Please write out, exactly as given, the line that contains "bar-flowers - Chapter: 1" and all lines that follow it through the end of the listing, and nothing else.

___ Source data ___

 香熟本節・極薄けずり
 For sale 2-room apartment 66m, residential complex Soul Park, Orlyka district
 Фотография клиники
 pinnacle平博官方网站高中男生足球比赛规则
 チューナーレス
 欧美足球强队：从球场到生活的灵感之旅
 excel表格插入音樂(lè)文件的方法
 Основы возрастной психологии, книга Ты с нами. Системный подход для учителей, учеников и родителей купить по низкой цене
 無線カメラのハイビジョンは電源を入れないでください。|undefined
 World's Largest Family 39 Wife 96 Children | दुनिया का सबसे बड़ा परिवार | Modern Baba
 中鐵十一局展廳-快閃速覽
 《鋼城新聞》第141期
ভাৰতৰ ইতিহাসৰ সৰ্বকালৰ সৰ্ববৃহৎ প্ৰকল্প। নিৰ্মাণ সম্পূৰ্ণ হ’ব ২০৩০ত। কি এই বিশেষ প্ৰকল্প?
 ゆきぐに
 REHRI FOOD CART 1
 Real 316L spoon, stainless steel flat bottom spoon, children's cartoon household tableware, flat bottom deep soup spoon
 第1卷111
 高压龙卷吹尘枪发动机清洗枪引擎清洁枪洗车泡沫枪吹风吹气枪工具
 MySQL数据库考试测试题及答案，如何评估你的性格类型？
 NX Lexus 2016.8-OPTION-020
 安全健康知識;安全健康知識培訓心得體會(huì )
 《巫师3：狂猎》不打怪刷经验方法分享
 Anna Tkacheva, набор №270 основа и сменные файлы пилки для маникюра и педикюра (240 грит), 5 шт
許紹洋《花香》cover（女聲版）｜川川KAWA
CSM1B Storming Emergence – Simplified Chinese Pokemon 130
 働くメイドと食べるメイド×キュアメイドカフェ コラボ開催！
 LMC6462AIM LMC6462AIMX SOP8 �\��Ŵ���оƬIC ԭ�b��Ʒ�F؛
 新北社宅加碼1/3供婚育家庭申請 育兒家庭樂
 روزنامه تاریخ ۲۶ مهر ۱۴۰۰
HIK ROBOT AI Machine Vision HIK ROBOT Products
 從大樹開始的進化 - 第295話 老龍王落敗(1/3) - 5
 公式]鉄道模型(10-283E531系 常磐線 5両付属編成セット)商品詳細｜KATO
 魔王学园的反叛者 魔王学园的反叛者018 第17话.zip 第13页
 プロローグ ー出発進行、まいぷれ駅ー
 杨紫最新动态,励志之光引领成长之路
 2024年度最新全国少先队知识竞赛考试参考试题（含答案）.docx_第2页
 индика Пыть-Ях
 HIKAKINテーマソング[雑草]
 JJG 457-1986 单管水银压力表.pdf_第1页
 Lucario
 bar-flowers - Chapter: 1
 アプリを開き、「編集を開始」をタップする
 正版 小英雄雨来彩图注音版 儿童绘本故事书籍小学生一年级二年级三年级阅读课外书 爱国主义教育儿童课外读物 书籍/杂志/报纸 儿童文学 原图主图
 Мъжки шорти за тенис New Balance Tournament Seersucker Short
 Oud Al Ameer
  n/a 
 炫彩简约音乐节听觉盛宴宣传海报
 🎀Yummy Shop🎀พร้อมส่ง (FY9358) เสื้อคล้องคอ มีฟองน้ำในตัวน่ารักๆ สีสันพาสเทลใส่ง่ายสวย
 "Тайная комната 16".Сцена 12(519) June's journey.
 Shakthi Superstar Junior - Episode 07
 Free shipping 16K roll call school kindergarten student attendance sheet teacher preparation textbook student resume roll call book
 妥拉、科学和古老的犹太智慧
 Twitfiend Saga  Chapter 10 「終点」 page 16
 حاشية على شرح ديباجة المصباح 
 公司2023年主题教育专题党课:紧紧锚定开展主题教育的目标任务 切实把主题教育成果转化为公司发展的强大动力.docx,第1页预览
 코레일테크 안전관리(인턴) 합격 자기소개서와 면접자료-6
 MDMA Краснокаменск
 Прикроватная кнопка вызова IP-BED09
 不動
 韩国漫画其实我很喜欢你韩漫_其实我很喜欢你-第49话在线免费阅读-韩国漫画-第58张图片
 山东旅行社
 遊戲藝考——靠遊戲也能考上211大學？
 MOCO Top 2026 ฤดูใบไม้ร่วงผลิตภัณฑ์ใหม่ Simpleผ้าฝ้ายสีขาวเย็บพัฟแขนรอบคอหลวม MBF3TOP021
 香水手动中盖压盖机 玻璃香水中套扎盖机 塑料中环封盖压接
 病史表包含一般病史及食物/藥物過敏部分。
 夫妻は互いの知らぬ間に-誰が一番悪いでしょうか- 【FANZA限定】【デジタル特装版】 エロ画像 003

___

Result below =
 bar-flowers - Chapter: 1
 アプリを開き、「編集を開始」をタップする
 正版 小英雄雨来彩图注音版 儿童绘本故事书籍小学生一年级二年级三年级阅读课外书 爱国主义教育儿童课外读物 书籍/杂志/报纸 儿童文学 原图主图
 Мъжки шорти за тенис New Balance Tournament Seersucker Short
 Oud Al Ameer
  n/a 
 炫彩简约音乐节听觉盛宴宣传海报
 🎀Yummy Shop🎀พร้อมส่ง (FY9358) เสื้อคล้องคอ มีฟองน้ำในตัวน่ารักๆ สีสันพาสเทลใส่ง่ายสวย
 "Тайная комната 16".Сцена 12(519) June's journey.
 Shakthi Superstar Junior - Episode 07
 Free shipping 16K roll call school kindergarten student attendance sheet teacher preparation textbook student resume roll call book
 妥拉、科学和古老的犹太智慧
 Twitfiend Saga  Chapter 10 「終点」 page 16
 حاشية على شرح ديباجة المصباح 
 公司2023年主题教育专题党课:紧紧锚定开展主题教育的目标任务 切实把主题教育成果转化为公司发展的强大动力.docx,第1页预览
 코레일테크 안전관리(인턴) 합격 자기소개서와 면접자료-6
 MDMA Краснокаменск
 Прикроватная кнопка вызова IP-BED09
 不動
 韩国漫画其实我很喜欢你韩漫_其实我很喜欢你-第49话在线免费阅读-韩国漫画-第58张图片
 山东旅行社
 遊戲藝考——靠遊戲也能考上211大學？
 MOCO Top 2026 ฤดูใบไม้ร่วงผลิตภัณฑ์ใหม่ Simpleผ้าฝ้ายสีขาวเย็บพัฟแขนรอบคอหลวม MBF3TOP021
 香水手动中盖压盖机 玻璃香水中套扎盖机 塑料中环封盖压接
 病史表包含一般病史及食物/藥物過敏部分。
 夫妻は互いの知らぬ間に-誰が一番悪いでしょうか- 【FANZA限定】【デジタル特装版】 エロ画像 003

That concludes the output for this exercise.